Since 1976, the Valley, the Missouri Valley Conference, has grown into an excellent mid-major sports conference in all-sports, with the exception there being no football. The Gateway Football Conference name has been used since 1992 as a football only conference for the Division I-AA schools (today's FCS Division). It's name changed in 1992, but the Gateway has been around since the fall of 1985. Like Missouri Valley Conference, in other Division I sports, the Gateway has become one of the better football conferences in the FCS Division.
Beginning this fall, you will see the word "Missouri Valley" associated with College Football again . It will not be The Valley, as we once knew it, but the Gateway Football Conference is changing it's name to the Missouri Valley Football Conference this fall. The 10-member Missouri Valley Conference has approved the use of the "Missouri Valley" name for the nine-members of the Gateway Football Conference. The Gateway will be the Missouri Valley Football Conference in FCS Football this fall.

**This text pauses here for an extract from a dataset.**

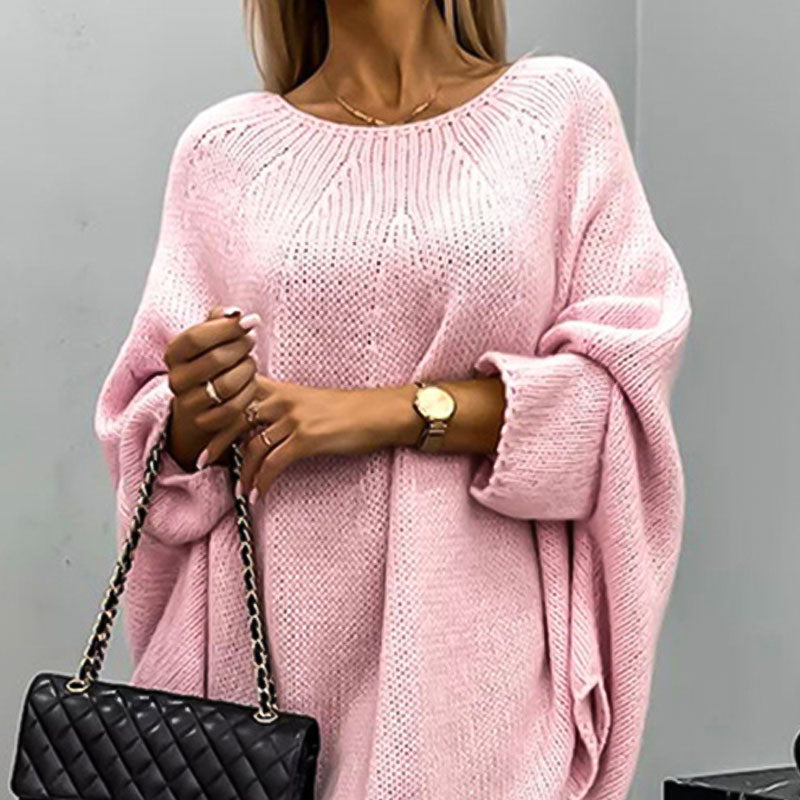 Donna - Maglione in maglia dal taglio fuori misura - Miscela di lana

Both conferences will remain separate entities per the story out of St. Louis. St. Louis, Missouri will remain home for both conferences, with separate administrations.
Of the current Missouri Valley Conference members, five of the ten members play football in the Gateway: Northern Iowa, Illinois State, Missouri State, Indiana State and Southern Illinois. The other four schools that will make up the Missouri Valley Football Conference are Western Illinois, Youngstown State, North Dakota State and South Dakota State. The two Dakota schools are new the the conference this fall.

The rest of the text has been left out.